Ренессанс не открыл (как полагают) прямую перспективу, а вспомнил о ней. Здесь утраты смысла превосходят навыки и обретения формы, техники (глаз стал зацепистей, но к «пестрому сору», а не к единому на потребу); элитарность, эгалитарность, либертизм оказались сомнительны, похожи на трюк, иллюзию, отрыв от жизни. Даже адепты романтической игры и иронии, Т. Манн и Гессе, перед лицом варварства это признали. Русская классика прозрела искус образа задолго до них, найдя иммунитет в нем же, благодаря прививке Отцов. Не всем это помогло, слишком велик был соблазн.
Видовое в античности ориентировано на природосообразие, в нем нет теплоты сплачивающей тайны (С. Аверинцев), а есть утробность народного тела (М. Бахтин), мифо-тождество или аллегория, но не символ. Книжный же знак, как ни странно, придает лицу смысл, открывая в нем жизнь. Язычество и иудейство хранят нутряное тепло родовой плоти (это, как никто, отразил В. Розанов в «Людях лунного света»). Для Новалиса же «книги и все остальное подобны людям»[5]. Романтик, тяготея к предметной пластике, отметил личностную, иноприродную, культурную динамику жизни (мир, как текст, который можно пересоздать).

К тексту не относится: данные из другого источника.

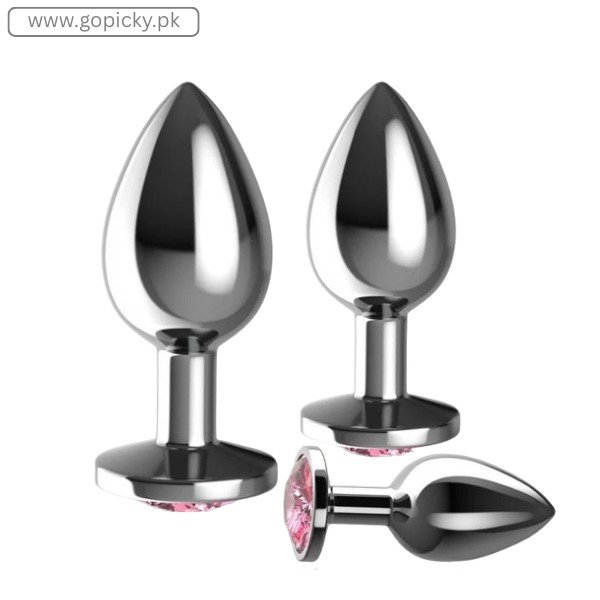 3 Pcs Set Luxury Metal Butt Plug Toys in Pakistan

Это знали гностики, смешав в каббале ритуал с книгой. Они предлагали постижение через вживание, сочувствие и овладение. В Библии же явлен духовно-временной аспект, тогда как в видовом превалирует телесно-пространственное; античность свою вещную пластику, предметную статику выразила в скульптуре, пророки же одарены пластикой жеста, когда даже косноязычие Моисея выразительно.
Мистерийность форм пронизывает культ и культуру; вопрос заключен в их смысловой полноте. Литургия есть действо, в котором миряне участвуют не в качестве зрителя. Здесь и возникают точки разрешающегося напряжения.

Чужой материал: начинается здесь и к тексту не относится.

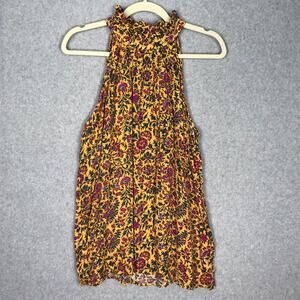 Cynthia Rowley Top Women Large Yellow‎ Blouse Tank Flowy Boho Western Cottage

Культуре в Лике, Имени открылся Дух, наполняющий ветхие мехи вином смысла. Уход риторики из романтизма и натурализма вел к распаду форм, к эксперименту в стиле и жанре. Но перевод библейской интуиции в сферу эстетики, чувственных форм при неизбежных издержках имел позитивный момент: христианский мимесис сформировал нашу поэтику. В нем русская классика, прошедшая искушение персоноцентрией (persona — маска, лат.; театр и портрет родились из посмертной маски, скрывающей распад смерти) в XVII–XVIII веках (карнавализация и аллегоризация образа в барокко, схожие со Средними веками и Реформацией), выработала в себе иммунитет против культивации идолов, издержек романтизма и модерна, возвращаясь к образу Христа. Показателен путь через герметический опыт мифо-образа (Данте, Шекспир, Гете, Ницше, Т. Манн, Гессе, Пруст, Джойс, Дос Пассос, Фолкнер, Маркес) к открытой в жизнь мистерии («Двенадцать» и «Возмездие» Блока, «Мастер и Маргарита» Булгакова, «Доктор Живаго» Пастернака).

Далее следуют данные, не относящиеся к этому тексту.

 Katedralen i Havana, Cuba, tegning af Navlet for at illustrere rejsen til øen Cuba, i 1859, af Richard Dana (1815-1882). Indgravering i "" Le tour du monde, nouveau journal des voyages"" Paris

Всюду переход, инициация, крещение, причащение, творческое самоотвержение и возврат в жизнь, сформулированные ап. Павлом в покаянии как жизни-сораспятии, ежечасной смерти во Христе. Определяющим предстает тип движения — в воображении, сне или в реальности. Кроме того, в нашей классике героика трагизма (Ницше, Шопенгауэр) снимается пасхальной вестью, дающей волю к жизни. Она и стала катализатором процесса, задав вектор движения. Лишь она через «каменистую почву Рима», дорогие могилы и священные камни Европы, благодаря иконе, пробилась к восприятию образа св. Отцами. Конечно, иконописность романных финалов Достоевского, утверждаемая Т. Касаткиной, представляется спорной (трудно провести грань между иконой и религиозной живописью), но церковное мирочувствие ощутимо и в богоборцах (молитвы Лермонтова к Богородице).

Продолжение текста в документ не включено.